O analista que criou o sistema para o supermercado, não se lembrou dessa possibilidade.
Deixei o carrinho carregado de compras com a supervisora da bateria de caixas e voltei para casa com a carriola vazia.
Na volta, sem as compras e analisando o quanto somos dependentes dos sistemas para tudo e qualquer coisa, lembrei daqueles sonhadores que vivem apregoando que devemos abandonar essa “sociedade de consumo” e ir viver no mato, construir casa de taipa com cobertura de sapê, beber água sem os aditivos de purificação, plantar o próprio alimento em hortas “orgânicas” que serão cozidos em fogões à lenha, sem telefone, luz elétrica ou geladeira, anestesias ou produtos derivados de animais.
Tudo muito romântico e alheios à realidade de que não é qualquer um que consegue viver retirado, sem os confortos e facilidades que a cidade oferece.
Plantar o próprio alimento demanda tempo que o urbano desconhece.
Produtos “orgânicos” quando encontrados nas feiras que levam esse nome, são chochos e de aspecto desagradável para nossos olhos acostumados com os produtos originados de cultivo controlado por pesticidas e adubo mineral que, apesar de serem tão orgânicos quanto os que levam esse apelido, são demonizados pelos “ecochatos”.
Nessas feiras, você não encontra o que quer comprar, mas o que eles têm para vender, porque sem o controle da estufa e da refrigeração das mega safras, os vegetais, obedecem ao ciclo natural de desenvolvimento no decorrer do ano.
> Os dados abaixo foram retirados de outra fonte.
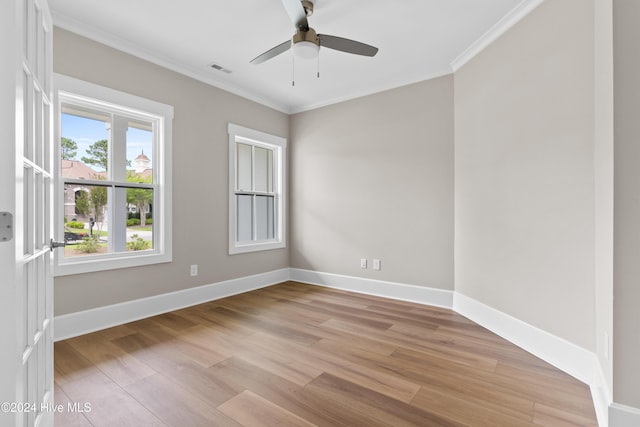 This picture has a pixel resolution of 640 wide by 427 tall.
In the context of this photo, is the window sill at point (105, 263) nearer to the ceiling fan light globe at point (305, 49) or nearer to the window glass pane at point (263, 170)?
the window glass pane at point (263, 170)

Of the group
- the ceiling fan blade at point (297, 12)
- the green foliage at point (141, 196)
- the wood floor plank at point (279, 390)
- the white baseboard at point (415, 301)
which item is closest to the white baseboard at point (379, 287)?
the white baseboard at point (415, 301)

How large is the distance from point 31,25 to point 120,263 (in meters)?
2.33

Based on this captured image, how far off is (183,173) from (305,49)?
2.04 metres

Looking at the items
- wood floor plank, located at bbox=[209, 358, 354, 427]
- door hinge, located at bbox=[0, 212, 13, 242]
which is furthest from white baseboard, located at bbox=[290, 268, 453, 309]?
door hinge, located at bbox=[0, 212, 13, 242]

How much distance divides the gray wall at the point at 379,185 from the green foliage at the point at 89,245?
2630mm

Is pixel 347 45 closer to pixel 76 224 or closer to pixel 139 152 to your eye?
A: pixel 139 152

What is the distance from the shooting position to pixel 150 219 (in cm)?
332

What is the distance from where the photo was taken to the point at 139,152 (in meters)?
3.22

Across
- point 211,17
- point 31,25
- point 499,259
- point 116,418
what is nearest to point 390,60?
point 211,17

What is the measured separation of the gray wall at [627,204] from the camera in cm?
144

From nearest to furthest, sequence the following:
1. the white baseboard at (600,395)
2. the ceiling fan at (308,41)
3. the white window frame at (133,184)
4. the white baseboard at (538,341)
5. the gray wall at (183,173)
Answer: the white baseboard at (600,395), the white baseboard at (538,341), the ceiling fan at (308,41), the white window frame at (133,184), the gray wall at (183,173)

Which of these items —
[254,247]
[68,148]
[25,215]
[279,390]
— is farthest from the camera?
[254,247]

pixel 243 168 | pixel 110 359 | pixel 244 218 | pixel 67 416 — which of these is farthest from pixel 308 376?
pixel 243 168

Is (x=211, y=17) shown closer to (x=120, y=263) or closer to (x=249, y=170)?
(x=249, y=170) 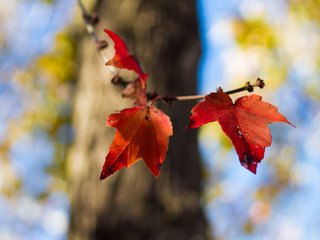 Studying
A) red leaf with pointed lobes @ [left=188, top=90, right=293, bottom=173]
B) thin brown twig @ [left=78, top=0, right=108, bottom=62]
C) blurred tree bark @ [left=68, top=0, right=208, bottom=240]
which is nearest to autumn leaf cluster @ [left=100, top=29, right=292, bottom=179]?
red leaf with pointed lobes @ [left=188, top=90, right=293, bottom=173]

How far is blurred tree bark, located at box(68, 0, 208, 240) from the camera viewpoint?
1.72 meters

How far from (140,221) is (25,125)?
2486 millimetres

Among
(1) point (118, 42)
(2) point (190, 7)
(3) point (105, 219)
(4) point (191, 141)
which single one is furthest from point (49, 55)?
(1) point (118, 42)

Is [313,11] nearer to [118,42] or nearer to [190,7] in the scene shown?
[190,7]


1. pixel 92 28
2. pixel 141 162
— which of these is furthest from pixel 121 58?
pixel 141 162

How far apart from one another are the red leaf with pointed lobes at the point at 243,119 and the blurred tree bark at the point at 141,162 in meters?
1.09

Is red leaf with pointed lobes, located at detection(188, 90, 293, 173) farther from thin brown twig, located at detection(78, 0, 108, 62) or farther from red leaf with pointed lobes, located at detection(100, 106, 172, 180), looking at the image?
thin brown twig, located at detection(78, 0, 108, 62)

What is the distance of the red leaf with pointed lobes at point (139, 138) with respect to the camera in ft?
2.21

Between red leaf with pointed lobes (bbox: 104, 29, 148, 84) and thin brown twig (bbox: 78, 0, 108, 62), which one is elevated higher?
thin brown twig (bbox: 78, 0, 108, 62)

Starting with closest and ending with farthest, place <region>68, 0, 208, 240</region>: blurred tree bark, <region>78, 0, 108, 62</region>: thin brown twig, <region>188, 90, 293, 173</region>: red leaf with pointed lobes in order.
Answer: <region>188, 90, 293, 173</region>: red leaf with pointed lobes, <region>78, 0, 108, 62</region>: thin brown twig, <region>68, 0, 208, 240</region>: blurred tree bark

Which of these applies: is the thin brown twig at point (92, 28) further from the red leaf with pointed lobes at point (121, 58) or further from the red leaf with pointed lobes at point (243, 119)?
the red leaf with pointed lobes at point (243, 119)

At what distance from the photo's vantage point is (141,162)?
1.79m

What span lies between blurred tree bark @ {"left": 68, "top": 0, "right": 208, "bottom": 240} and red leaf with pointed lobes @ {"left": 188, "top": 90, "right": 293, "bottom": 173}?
1.09 m

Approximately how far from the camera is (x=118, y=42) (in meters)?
0.71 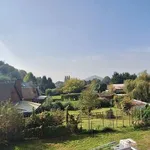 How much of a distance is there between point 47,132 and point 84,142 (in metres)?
3.48

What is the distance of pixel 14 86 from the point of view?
35.4 m

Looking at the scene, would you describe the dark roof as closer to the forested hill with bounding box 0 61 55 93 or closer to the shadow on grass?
the forested hill with bounding box 0 61 55 93

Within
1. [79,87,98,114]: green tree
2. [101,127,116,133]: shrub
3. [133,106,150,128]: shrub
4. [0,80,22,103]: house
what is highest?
[0,80,22,103]: house

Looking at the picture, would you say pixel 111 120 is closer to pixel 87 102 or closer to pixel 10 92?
pixel 87 102

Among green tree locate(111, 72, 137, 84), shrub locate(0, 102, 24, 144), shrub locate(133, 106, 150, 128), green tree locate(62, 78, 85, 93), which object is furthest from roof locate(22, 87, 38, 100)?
green tree locate(111, 72, 137, 84)

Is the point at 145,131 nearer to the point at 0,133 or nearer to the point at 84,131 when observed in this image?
the point at 84,131

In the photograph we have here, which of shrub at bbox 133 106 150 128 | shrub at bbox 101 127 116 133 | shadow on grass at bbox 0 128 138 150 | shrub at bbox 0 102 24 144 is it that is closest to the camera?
shadow on grass at bbox 0 128 138 150

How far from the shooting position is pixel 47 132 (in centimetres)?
1998

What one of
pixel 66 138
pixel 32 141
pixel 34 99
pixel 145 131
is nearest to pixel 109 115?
pixel 145 131

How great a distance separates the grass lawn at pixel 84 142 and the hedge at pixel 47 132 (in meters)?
0.86

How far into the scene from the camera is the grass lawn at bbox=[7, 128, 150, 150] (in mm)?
17047

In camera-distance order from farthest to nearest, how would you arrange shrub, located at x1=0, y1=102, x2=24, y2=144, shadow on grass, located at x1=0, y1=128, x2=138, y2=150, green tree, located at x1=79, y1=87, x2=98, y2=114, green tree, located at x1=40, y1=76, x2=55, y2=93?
green tree, located at x1=40, y1=76, x2=55, y2=93
green tree, located at x1=79, y1=87, x2=98, y2=114
shrub, located at x1=0, y1=102, x2=24, y2=144
shadow on grass, located at x1=0, y1=128, x2=138, y2=150

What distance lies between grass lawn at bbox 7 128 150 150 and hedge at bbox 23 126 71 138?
858 millimetres

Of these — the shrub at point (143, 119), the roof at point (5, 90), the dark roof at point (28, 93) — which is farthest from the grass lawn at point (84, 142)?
the dark roof at point (28, 93) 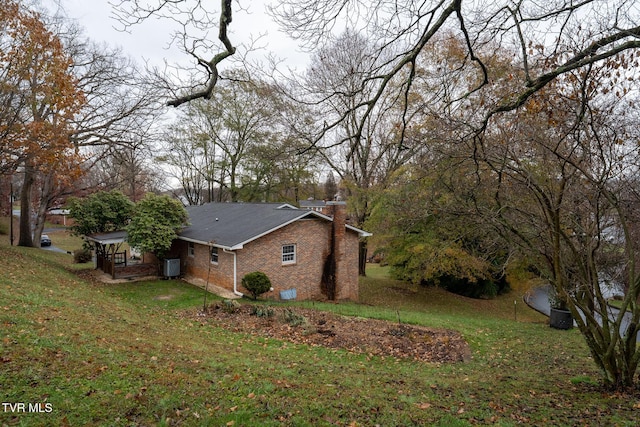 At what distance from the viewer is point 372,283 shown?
84.2 ft

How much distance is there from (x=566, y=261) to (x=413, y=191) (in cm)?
906

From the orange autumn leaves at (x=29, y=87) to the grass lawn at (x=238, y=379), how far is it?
647cm

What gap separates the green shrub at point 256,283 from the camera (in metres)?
15.9

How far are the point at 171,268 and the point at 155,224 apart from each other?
245 cm

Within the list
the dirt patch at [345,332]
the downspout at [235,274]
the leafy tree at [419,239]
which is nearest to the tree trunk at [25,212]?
the downspout at [235,274]

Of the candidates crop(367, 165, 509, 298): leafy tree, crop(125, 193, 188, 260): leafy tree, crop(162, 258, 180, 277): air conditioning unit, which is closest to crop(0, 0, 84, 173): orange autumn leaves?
crop(125, 193, 188, 260): leafy tree

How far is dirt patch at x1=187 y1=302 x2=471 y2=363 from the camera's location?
392 inches

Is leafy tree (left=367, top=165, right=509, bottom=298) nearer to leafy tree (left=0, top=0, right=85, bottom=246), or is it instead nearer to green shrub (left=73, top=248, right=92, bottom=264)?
leafy tree (left=0, top=0, right=85, bottom=246)

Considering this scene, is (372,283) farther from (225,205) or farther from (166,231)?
(166,231)

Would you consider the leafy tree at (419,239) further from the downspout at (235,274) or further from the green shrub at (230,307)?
the green shrub at (230,307)

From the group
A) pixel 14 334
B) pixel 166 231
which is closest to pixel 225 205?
pixel 166 231

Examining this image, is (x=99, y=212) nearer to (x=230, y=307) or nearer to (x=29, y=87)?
(x=29, y=87)

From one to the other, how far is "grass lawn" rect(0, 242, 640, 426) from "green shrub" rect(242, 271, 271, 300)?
430 centimetres

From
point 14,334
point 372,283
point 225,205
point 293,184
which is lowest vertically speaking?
point 372,283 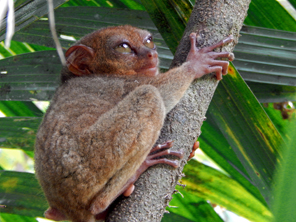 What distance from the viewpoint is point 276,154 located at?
2510mm

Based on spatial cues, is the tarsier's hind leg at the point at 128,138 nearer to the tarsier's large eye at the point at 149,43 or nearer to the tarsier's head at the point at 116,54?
the tarsier's head at the point at 116,54

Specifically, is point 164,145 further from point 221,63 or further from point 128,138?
point 221,63

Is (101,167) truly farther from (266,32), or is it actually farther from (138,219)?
(266,32)

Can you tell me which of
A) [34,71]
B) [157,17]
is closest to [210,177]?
[157,17]

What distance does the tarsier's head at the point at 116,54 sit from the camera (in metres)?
3.13

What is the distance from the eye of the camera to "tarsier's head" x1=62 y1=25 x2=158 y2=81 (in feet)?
10.3

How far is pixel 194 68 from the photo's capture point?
92.8 inches

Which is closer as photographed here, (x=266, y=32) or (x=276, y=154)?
(x=276, y=154)

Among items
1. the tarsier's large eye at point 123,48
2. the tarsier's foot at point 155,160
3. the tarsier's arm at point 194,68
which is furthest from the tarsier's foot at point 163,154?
the tarsier's large eye at point 123,48

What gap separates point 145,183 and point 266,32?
1.85 metres

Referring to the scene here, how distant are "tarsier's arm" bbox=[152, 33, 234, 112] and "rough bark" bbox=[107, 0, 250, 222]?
0.05 metres

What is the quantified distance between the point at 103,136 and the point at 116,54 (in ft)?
3.98

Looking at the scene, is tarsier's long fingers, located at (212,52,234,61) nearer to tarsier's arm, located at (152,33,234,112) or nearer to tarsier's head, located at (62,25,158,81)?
tarsier's arm, located at (152,33,234,112)

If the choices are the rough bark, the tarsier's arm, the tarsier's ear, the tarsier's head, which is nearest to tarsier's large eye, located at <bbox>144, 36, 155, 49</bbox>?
the tarsier's head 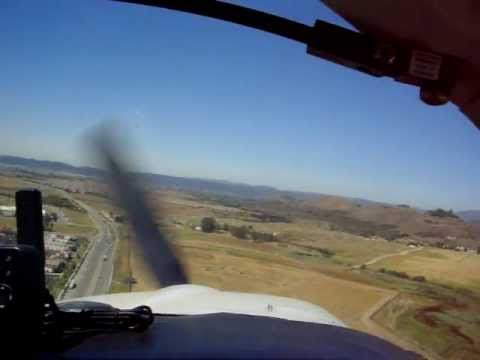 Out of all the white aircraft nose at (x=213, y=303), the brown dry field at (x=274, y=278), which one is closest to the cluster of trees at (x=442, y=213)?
the brown dry field at (x=274, y=278)

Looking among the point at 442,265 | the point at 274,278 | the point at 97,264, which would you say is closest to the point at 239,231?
the point at 274,278

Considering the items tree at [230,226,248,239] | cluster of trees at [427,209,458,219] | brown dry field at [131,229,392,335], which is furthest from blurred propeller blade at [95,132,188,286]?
cluster of trees at [427,209,458,219]

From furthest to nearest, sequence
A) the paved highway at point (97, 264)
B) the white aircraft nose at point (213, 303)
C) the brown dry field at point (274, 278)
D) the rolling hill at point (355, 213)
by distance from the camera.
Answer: the rolling hill at point (355, 213) → the brown dry field at point (274, 278) → the paved highway at point (97, 264) → the white aircraft nose at point (213, 303)

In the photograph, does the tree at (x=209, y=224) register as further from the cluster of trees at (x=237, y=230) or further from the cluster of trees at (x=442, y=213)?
the cluster of trees at (x=442, y=213)

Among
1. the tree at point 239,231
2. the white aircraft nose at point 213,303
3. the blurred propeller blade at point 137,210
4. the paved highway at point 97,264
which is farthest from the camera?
the tree at point 239,231

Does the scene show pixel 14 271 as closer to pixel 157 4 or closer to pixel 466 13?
pixel 157 4

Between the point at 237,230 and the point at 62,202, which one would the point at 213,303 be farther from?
the point at 237,230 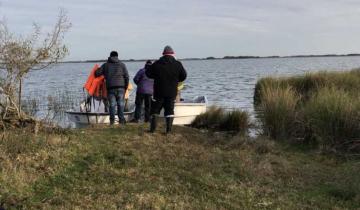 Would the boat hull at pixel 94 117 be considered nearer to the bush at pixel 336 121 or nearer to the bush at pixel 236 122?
the bush at pixel 236 122

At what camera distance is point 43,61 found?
8875mm

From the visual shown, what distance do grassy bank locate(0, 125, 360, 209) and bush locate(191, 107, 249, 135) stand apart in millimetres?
4543

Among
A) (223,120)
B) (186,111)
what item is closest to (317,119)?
(223,120)

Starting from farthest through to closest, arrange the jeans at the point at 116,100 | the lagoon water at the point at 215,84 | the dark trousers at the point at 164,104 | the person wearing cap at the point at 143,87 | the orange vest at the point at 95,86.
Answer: the lagoon water at the point at 215,84, the orange vest at the point at 95,86, the person wearing cap at the point at 143,87, the jeans at the point at 116,100, the dark trousers at the point at 164,104

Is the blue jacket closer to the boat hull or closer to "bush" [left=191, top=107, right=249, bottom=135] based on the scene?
the boat hull

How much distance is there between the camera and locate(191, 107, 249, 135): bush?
47.0ft

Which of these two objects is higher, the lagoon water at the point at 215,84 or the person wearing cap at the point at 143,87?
the person wearing cap at the point at 143,87

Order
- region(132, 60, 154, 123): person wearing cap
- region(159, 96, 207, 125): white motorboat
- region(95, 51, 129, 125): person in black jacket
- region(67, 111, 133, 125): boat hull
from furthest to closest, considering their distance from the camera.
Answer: region(159, 96, 207, 125): white motorboat
region(67, 111, 133, 125): boat hull
region(132, 60, 154, 123): person wearing cap
region(95, 51, 129, 125): person in black jacket

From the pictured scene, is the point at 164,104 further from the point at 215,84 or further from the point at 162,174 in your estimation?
the point at 215,84

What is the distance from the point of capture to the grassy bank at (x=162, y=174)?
6141 mm

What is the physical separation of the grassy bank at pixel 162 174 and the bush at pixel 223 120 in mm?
4543

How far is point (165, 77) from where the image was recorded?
33.3ft

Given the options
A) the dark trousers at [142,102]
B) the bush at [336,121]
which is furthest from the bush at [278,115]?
the dark trousers at [142,102]

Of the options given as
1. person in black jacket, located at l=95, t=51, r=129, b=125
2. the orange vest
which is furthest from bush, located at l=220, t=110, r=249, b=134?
the orange vest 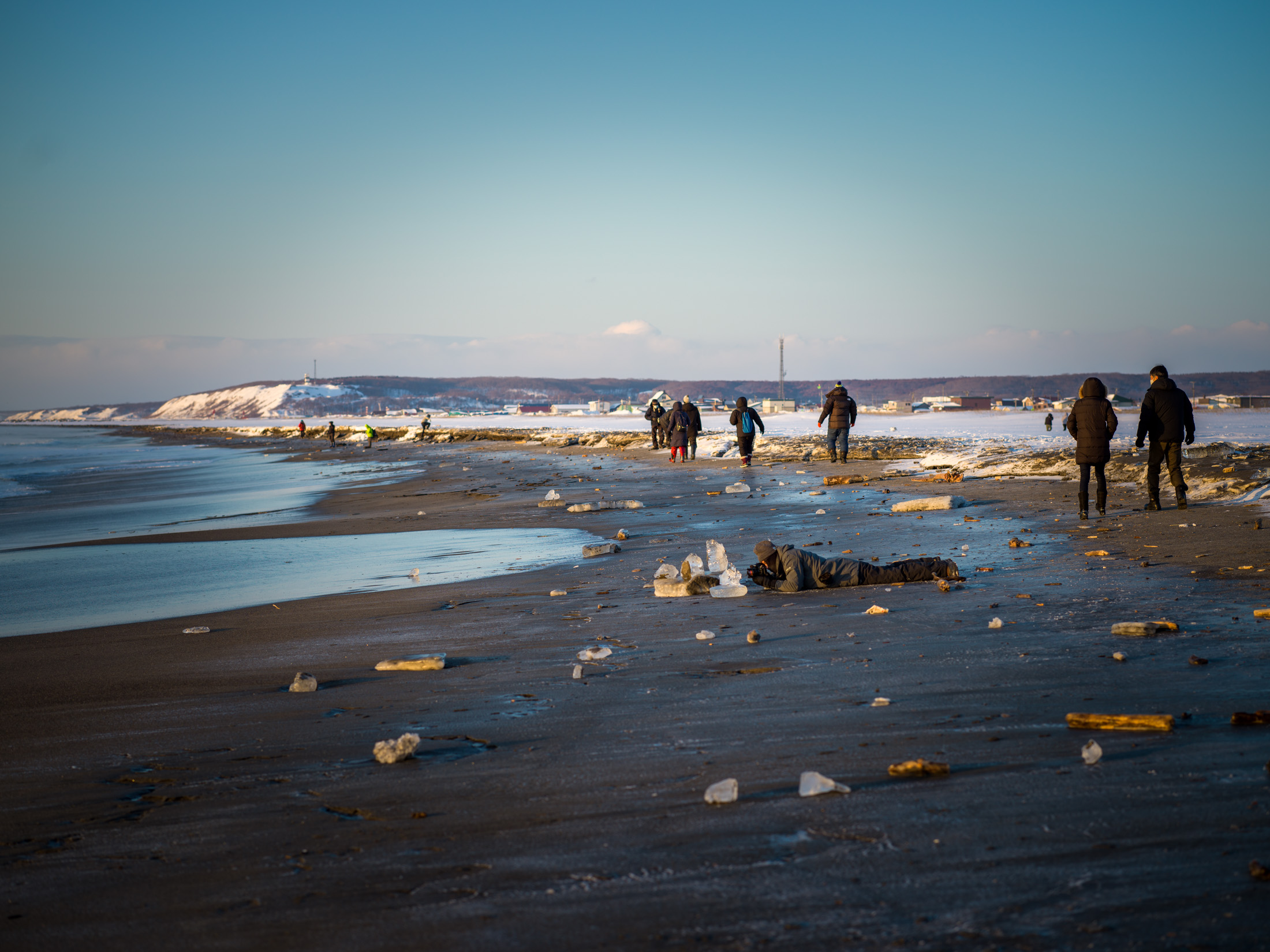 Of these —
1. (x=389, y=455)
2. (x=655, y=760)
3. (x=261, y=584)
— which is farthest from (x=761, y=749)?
(x=389, y=455)

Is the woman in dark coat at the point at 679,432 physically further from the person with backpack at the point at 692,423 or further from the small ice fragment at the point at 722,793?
the small ice fragment at the point at 722,793

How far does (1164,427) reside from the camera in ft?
40.6

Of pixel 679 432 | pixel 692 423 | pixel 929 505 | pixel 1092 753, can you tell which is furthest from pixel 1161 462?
pixel 692 423

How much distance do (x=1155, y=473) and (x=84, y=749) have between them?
12968 mm

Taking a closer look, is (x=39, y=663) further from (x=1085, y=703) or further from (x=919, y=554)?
(x=919, y=554)

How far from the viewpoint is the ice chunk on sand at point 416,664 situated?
6301mm

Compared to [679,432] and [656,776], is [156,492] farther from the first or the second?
[656,776]

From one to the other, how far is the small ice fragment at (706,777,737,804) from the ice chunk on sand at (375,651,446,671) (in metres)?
3.06

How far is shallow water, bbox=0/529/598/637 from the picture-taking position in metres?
9.57

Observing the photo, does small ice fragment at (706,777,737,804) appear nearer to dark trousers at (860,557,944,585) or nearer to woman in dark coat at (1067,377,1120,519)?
dark trousers at (860,557,944,585)

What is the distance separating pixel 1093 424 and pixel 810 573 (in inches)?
241

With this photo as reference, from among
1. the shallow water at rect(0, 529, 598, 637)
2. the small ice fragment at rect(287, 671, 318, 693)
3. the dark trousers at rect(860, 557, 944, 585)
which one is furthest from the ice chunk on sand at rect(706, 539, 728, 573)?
the small ice fragment at rect(287, 671, 318, 693)

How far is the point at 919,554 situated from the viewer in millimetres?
10375

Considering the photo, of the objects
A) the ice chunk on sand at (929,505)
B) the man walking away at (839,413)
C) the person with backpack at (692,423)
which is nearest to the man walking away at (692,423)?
the person with backpack at (692,423) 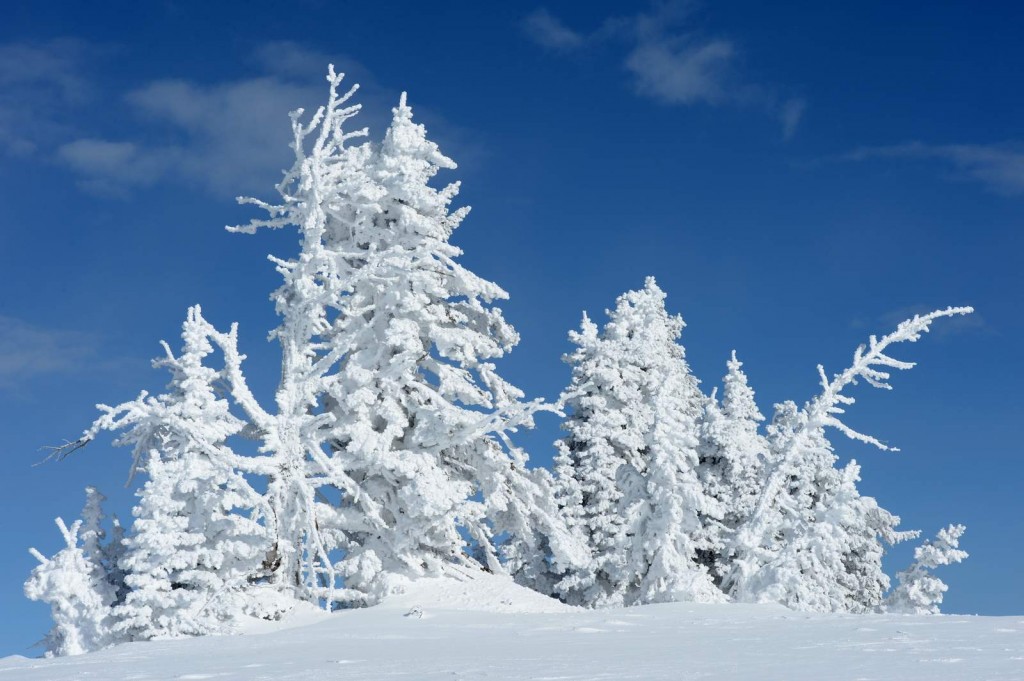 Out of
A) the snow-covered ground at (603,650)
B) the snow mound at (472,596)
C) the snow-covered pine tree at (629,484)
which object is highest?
the snow-covered pine tree at (629,484)

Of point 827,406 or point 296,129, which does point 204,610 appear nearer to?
point 296,129

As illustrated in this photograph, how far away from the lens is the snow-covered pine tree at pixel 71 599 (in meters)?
20.4

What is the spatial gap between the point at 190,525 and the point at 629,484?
1658 centimetres

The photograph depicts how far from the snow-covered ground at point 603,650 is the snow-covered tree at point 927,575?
2518cm

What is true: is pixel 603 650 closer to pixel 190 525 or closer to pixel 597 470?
pixel 190 525

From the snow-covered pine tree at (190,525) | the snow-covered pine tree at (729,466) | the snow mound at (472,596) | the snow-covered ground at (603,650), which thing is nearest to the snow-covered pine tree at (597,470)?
the snow-covered pine tree at (729,466)

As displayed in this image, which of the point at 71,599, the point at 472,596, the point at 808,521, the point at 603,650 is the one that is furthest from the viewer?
the point at 808,521

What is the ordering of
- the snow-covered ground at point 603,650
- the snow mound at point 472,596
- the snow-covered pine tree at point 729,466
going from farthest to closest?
the snow-covered pine tree at point 729,466 < the snow mound at point 472,596 < the snow-covered ground at point 603,650

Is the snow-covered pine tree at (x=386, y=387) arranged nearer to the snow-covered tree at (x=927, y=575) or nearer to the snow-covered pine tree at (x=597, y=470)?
the snow-covered pine tree at (x=597, y=470)

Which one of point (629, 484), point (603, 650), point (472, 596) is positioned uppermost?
point (629, 484)

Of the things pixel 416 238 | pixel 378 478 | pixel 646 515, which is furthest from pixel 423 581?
pixel 646 515

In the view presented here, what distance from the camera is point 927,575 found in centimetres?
3700

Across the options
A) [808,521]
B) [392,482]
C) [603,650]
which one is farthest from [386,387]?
[808,521]

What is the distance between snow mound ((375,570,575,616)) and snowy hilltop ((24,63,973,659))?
80 mm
Em Pernambuco, o milho que se planta em março, no dia de São José, só estará em ponto de colheita nas festas juninas... noventa dias, em média.
Coentro, chicória, rabanete, nabo, demais hortaliças, quarenta dias no mínimo, se secas ou chuvas não inviabilizar tudo. Cafeeiro atingido por geada, se não morrer, leva dois anos para se recuperar... qual será o alimento dessa gente se nós, humanos, não digerimos a celulose da grama que viceja e abunda em qualquer lugar durante o ano todo?
Não custa imaginar como esses retirados, agirão quando precisarem de tratamento dentário, canal por exemplo, parto cesariana, fratura de membro, picada de animal peçonhento, choque anafilático por qualquer agente alergênico...
Visitar o mato por pouco tempo, a trabalho, passeio ou pesquisa científica, é uma maravilha, mas viver por lá, sem a muvuca e o trânsito das cidades, sem vizinhos, vendedores ambulantes, som dos fogos de artifício nas madrugadas avisando que a droga chegou no ponto, sem o som da moto do aviãozinho abastecedor das biqueiras... sei não, viu?